Hmmm…He may be right, but let me explain. When it comes to folks and their lives, marriage, kids etc. my name is Bennett and I ain’t in it. I will listen, say a few unh huhs and keep it moving. People will do what they want to do and I am not in the mood to mess up a friendship with my opinion on an issue that has nothing to do with me.
We all know that one person who will talk your ears off about their problems you say your piece and they continue on with their foolery. That is 20 minutes of time, breath and sanity that you can’t regain. I refuse unless it is a safety issue.
On the other hand I see the Mr.’s point. When we sit back quietly and not in the least bit say girl it’s not them its you, we are in essence being a bad friend. If we don’t stand up and speak the truth and say friend, those 1,409 men that you have dated that all ran the other way, it wasn’t them it was you, we are slightly condoning their belief that nothing is wrong with them, it’s everybody else. If that is indeed the fact we are hurting them cause man number 1,410 and so on is going to do the same thing if they have an awful character flaw that needs to be exposed.

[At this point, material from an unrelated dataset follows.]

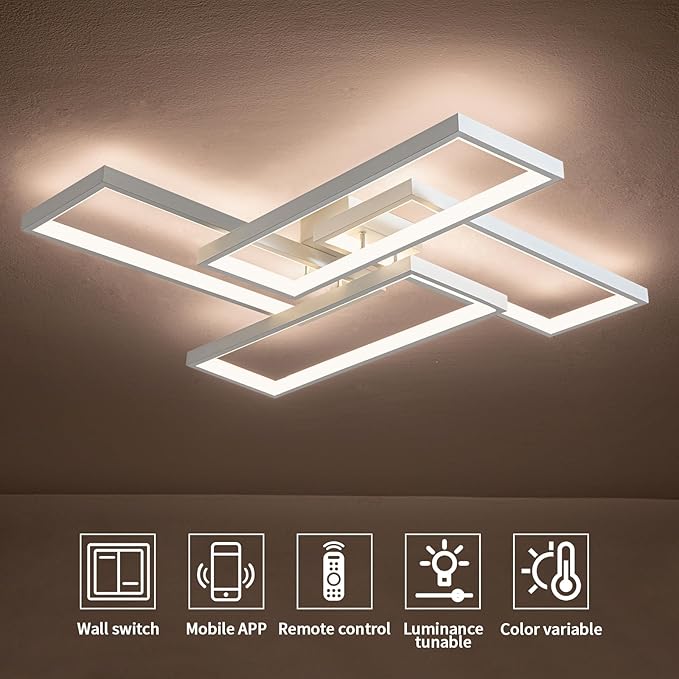 Modern LED Ceiling Light Fixture White Flush Mount Ceiling Light Dimmable 26" Bedroom Lights for Ceiling with Remote Control 48W Kitchen Ceiling Light Fixtures for Hallway 3000K-6000K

I can see how our silence really is a hindrance when people are really requesting our true feelings and thoughts on a situation. Our silence on an issue in response to someone who is really looking for an answer can easily be misconstrued as validation on their behalf. When in reality we are like girrrrlllll you can’t be serious but instead of saying that we go along with it or just say a trite unh huh and look for a way to get off the phone.
I would say the remedy to this is to tread lightly and edit your thoughts before unleashing the truth or at least YOUR truth on the matter. People will do with it what they will, but at least you will feel like you put in your say on the matter.
Now, I am a firm believer in the fact that if your opinion was not requested…please keep
yo’ mouth shut it to yourself!!!
I have only been on this earth 33 years and I don’t have a ton of knowledge but I do know sometimes we are indeed broken and we do need to be fixed. True friends will know this and will help us get to a good place, the thing is we have to be open to it.
I’ll say it. I’m broken on many levels but I have those handy girls that will come to the rescue and help me fix it, but I am open to constructive criticism. Are you?! Will you hand it out if asked, or do you tend to tread lightly like me?